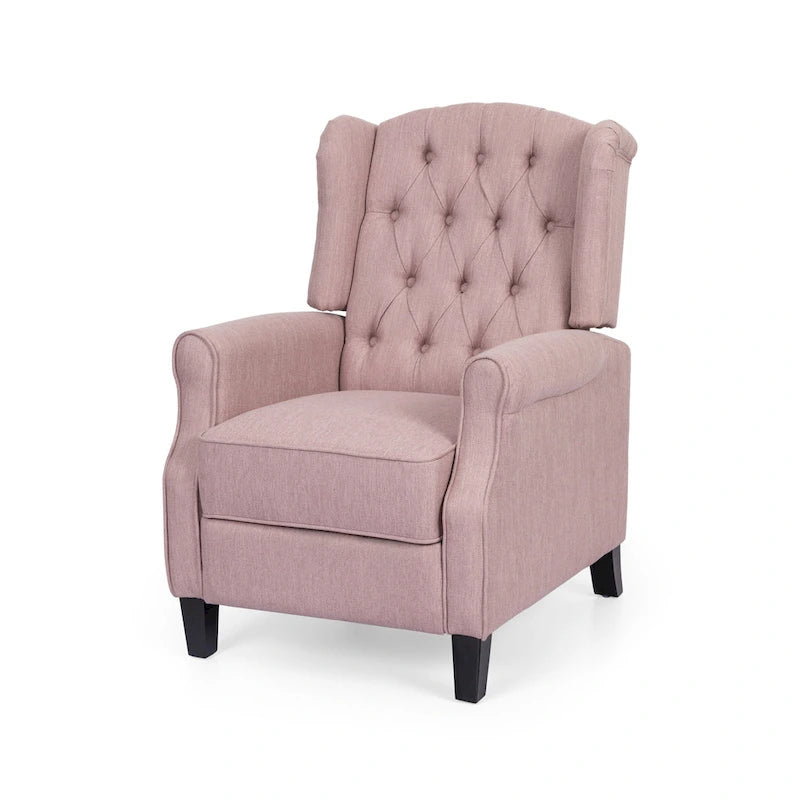 Fauteuil inclinable moderne à oreilles, avec repose-pieds, capitonné et pieds en bouleau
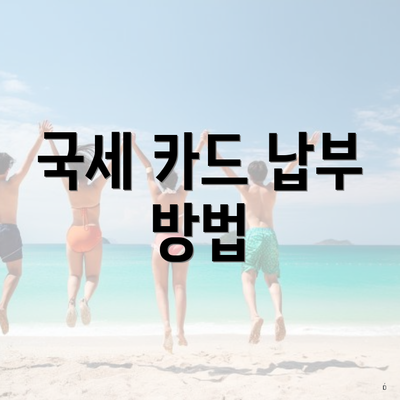 국세 카드 납부 방법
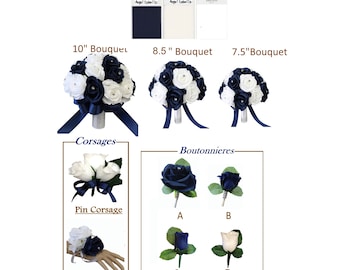 Build your wedding package-Keepsake Artificial flowers Bouquet Corsage Boutonniere Coral Navy and White or Ivory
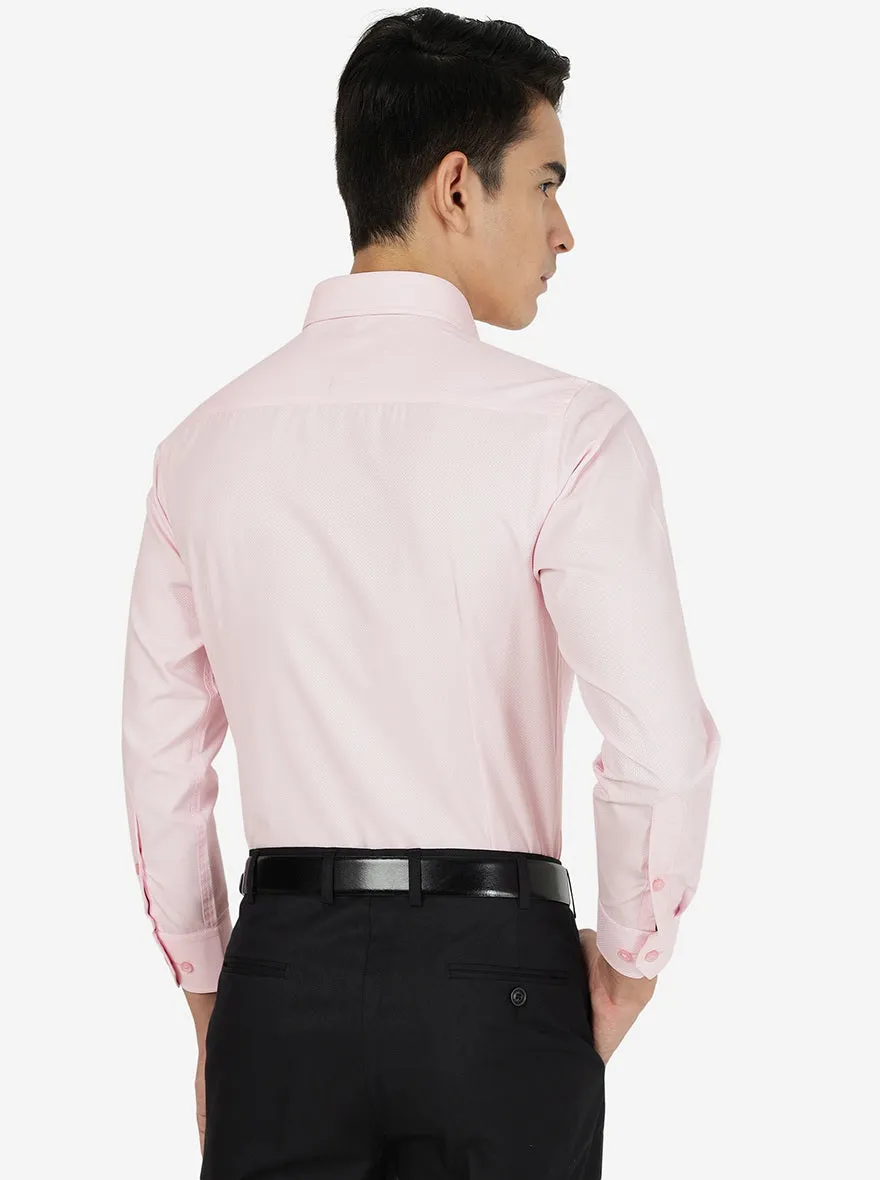 Pink Solid Slim Fit Formal Shirt | Greenfibre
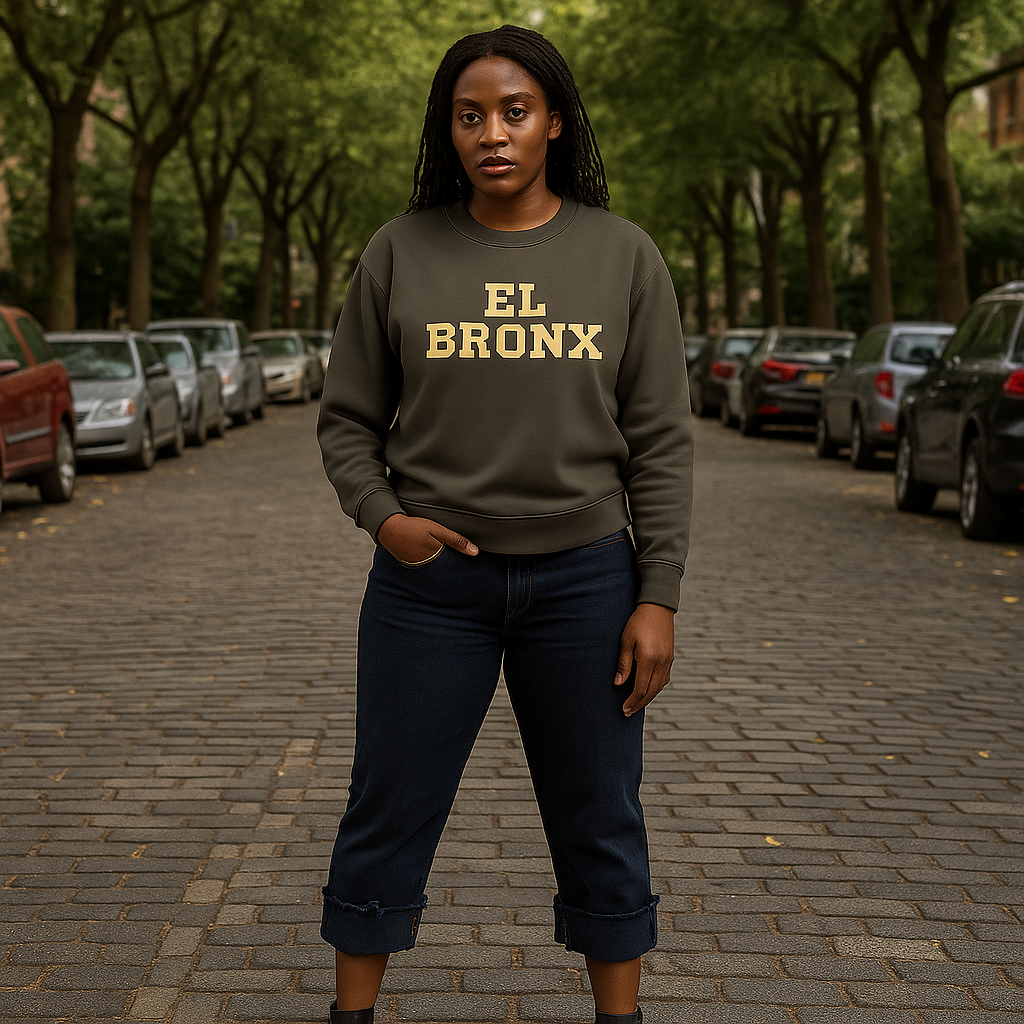 EL BRONX Womens Relax Faded Crew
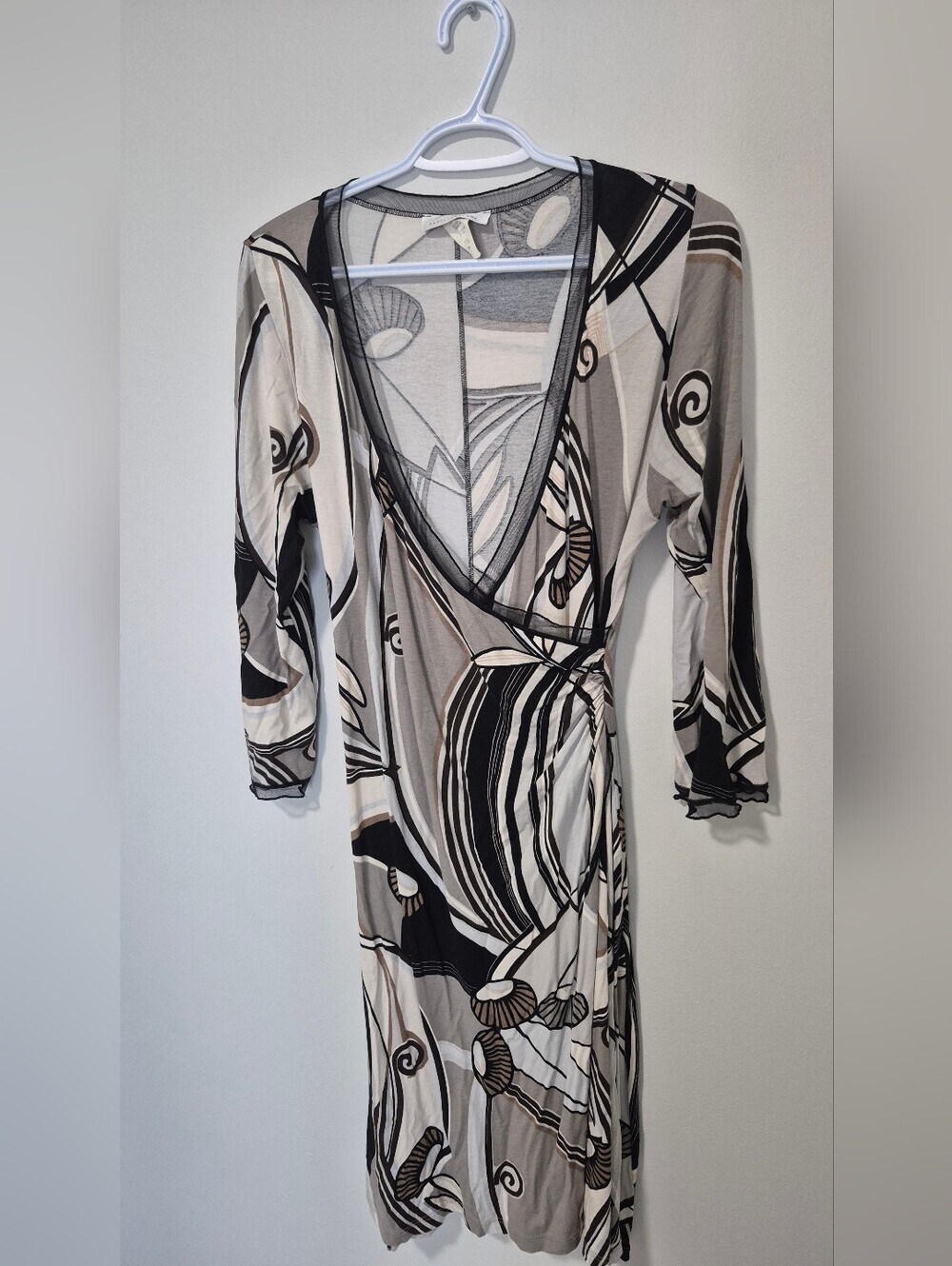 Papillon Blanc Retro Mod Abstract Wrap Dress Graphic Neutral 3/4 Sleeve M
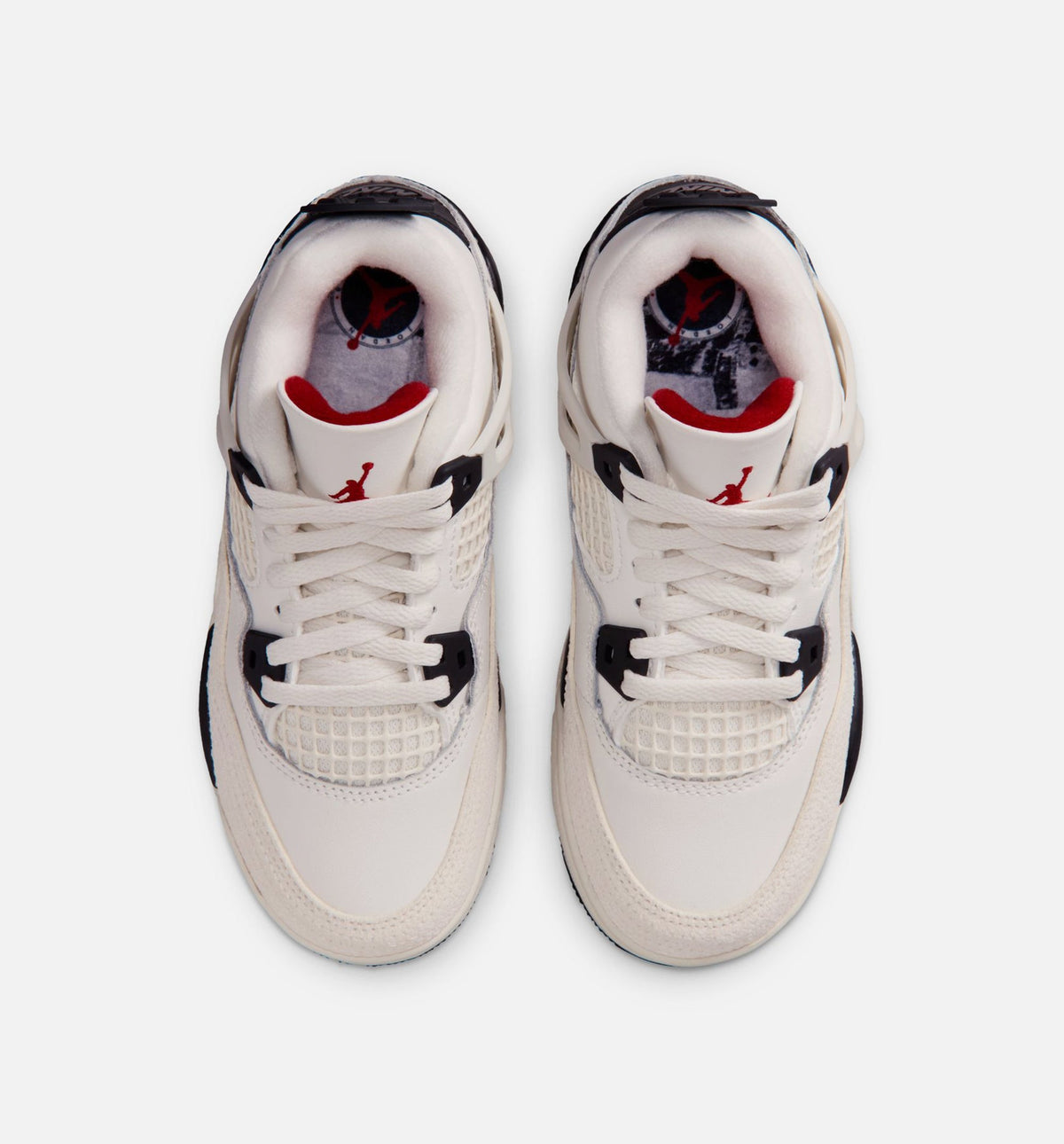 Air Jordan 4 Retro Flight Club 小女孩学前生活方式运动鞋 - 帆白/黑色/大学红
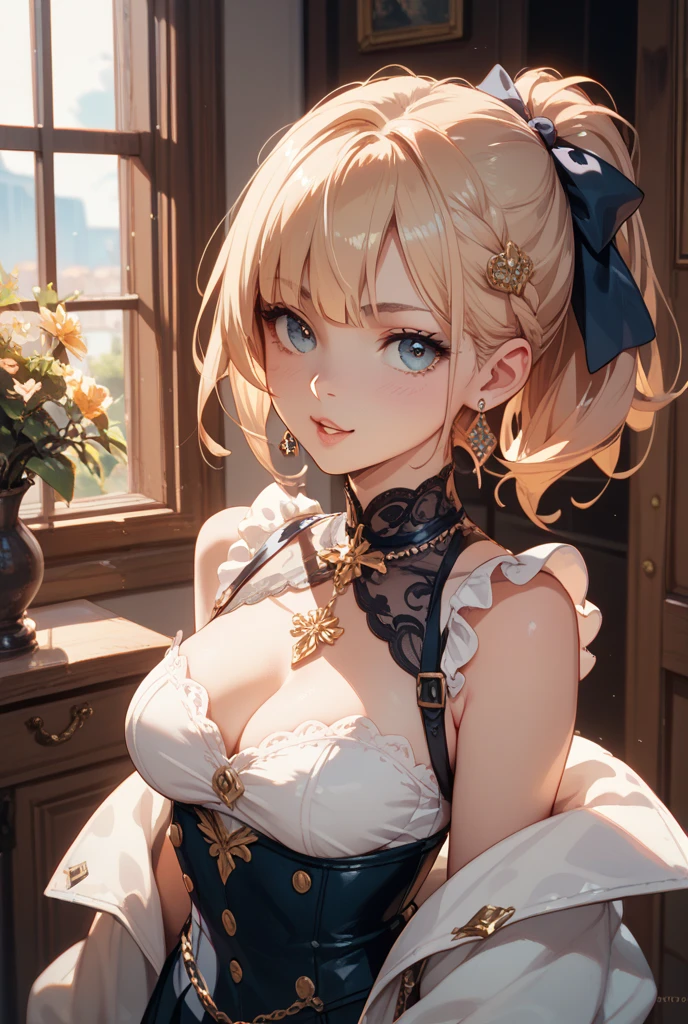 masterpiece, absurdres, best quality, ultra detailed, high Resolution, detailed illustration, extremely beautiful detailed face and eyes, bright colour, 1girl, (loli), cute face, Delicate beautiful face, magenta eyes, cute eyes, sparkling eyes, big eyes, medium breasts, (perky breasts:1.1), (pointy breasts:1.1), medium hips, glamorous body, white skin, Smile, BREAK, long bob cut, (blonde hair:0.8), messy hair, detailed hair, shiny hair, BREAK party dress, tiny ribbon, buffet party, fine dining restaurant, Night, real world, natural lights, perfect lighting,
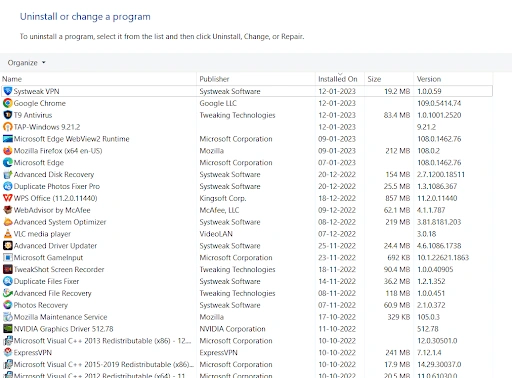 choose program to uninstall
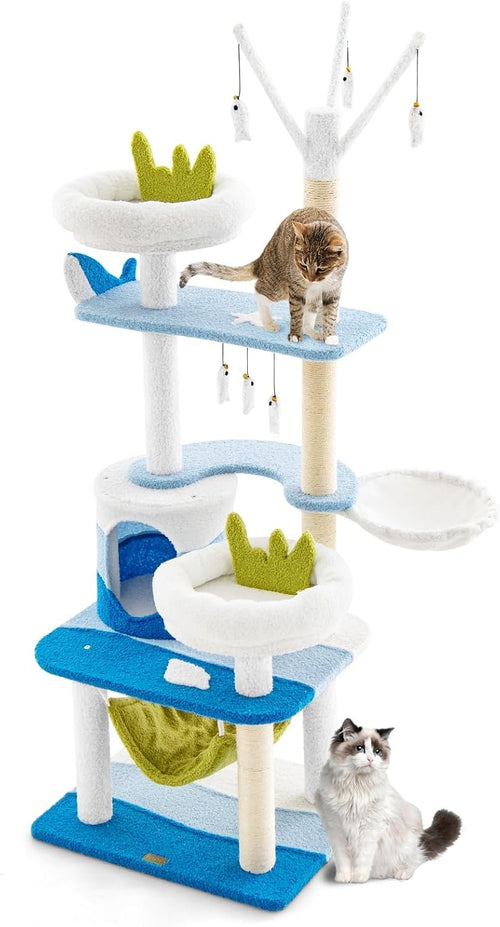 165cm Blue White Cat Tree Multi-Level Condo Hammock Sisal Scratching Tower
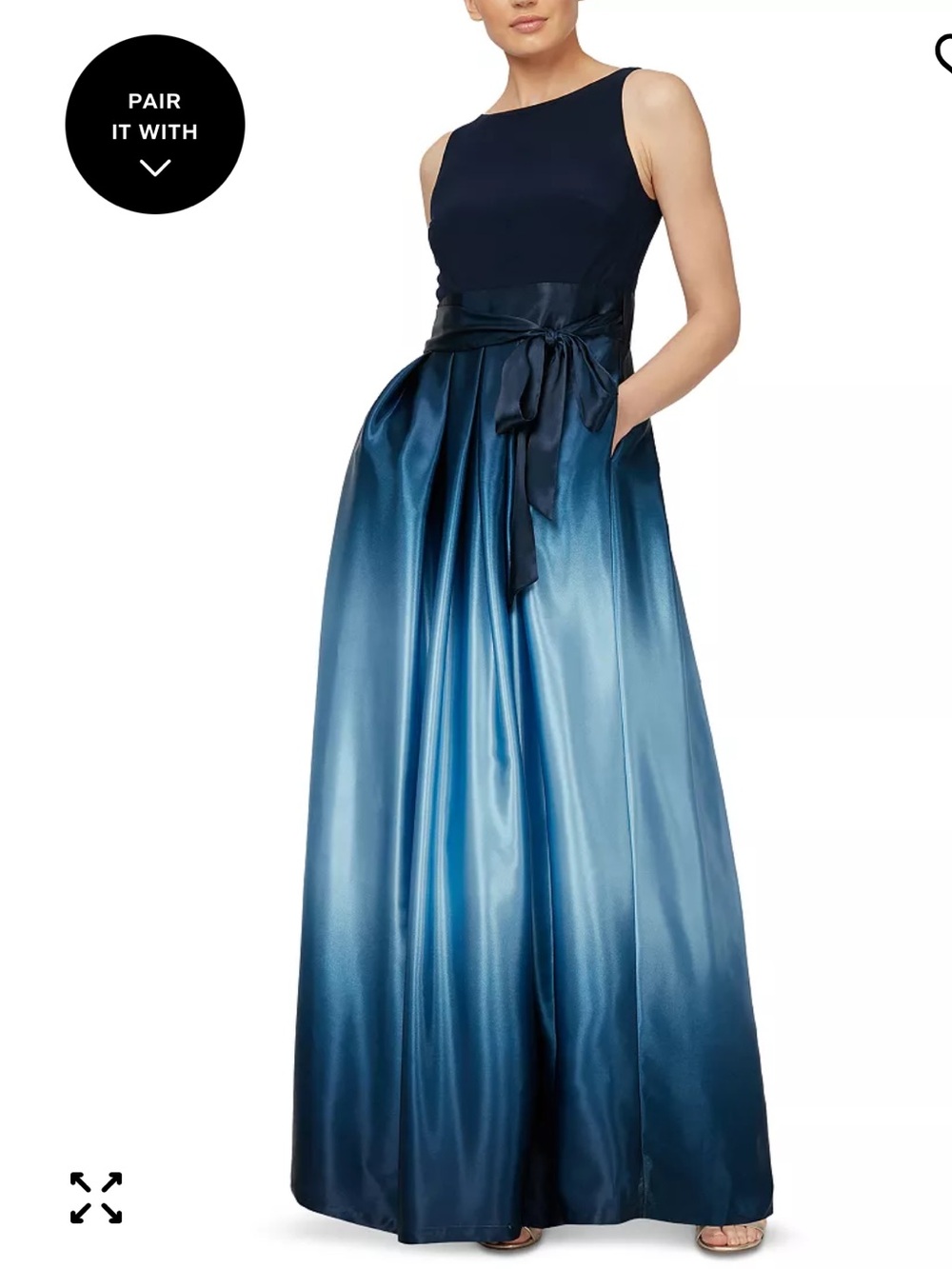 SL Fashions Navy to Wedgewood Blue Ombre Satin Maxi Skirt with Waist Tie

◇ ◇ ◇ ◇ ◇ ◇ ◇

_Goal of the exercise_
Going back to the data above, write out everything from the line with "EL BRONX Womens Relax Faded Crew" down to the line with "Air Jordan 4", both included, leaving every picture out.

_Problem solution_
 EL BRONX Womens Relax Faded Crew
 Papillon Blanc Retro Mod Abstract Wrap Dress Graphic Neutral 3/4 Sleeve M
 Air Jordan 4 Retro Flight Club 小女孩学前生活方式运动鞋 - 帆白/黑色/大学红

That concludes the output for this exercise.